▶ [What the exercise asks]:
Reproduce the entries shown below only from the line with "Korek analny zakrzywiony" down to the line with "Butterfly Car Coaster", keeping both end lines and copying each one exactly.

▶ [Dataset extract]:
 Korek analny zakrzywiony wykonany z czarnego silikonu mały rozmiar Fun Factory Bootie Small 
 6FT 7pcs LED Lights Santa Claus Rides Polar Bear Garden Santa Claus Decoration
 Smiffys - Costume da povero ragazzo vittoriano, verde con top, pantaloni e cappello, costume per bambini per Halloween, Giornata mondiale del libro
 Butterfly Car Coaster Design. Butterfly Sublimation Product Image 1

==

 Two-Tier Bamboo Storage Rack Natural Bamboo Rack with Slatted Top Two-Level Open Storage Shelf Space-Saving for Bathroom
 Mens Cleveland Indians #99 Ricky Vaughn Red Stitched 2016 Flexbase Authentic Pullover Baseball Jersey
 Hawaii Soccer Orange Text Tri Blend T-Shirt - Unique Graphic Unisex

▶ [Solution to this exercise]:
 Korek analny zakrzywiony wykonany z czarnego silikonu mały rozmiar Fun Factory Bootie Small 
 6FT 7pcs LED Lights Santa Claus Rides Polar Bear Garden Santa Claus Decoration
 Smiffys - Costume da povero ragazzo vittoriano, verde con top, pantaloni e cappello, costume per bambini per Halloween, Giornata mondiale del libro
 Butterfly Car Coaster Design. Butterfly Sublimation Product Image 1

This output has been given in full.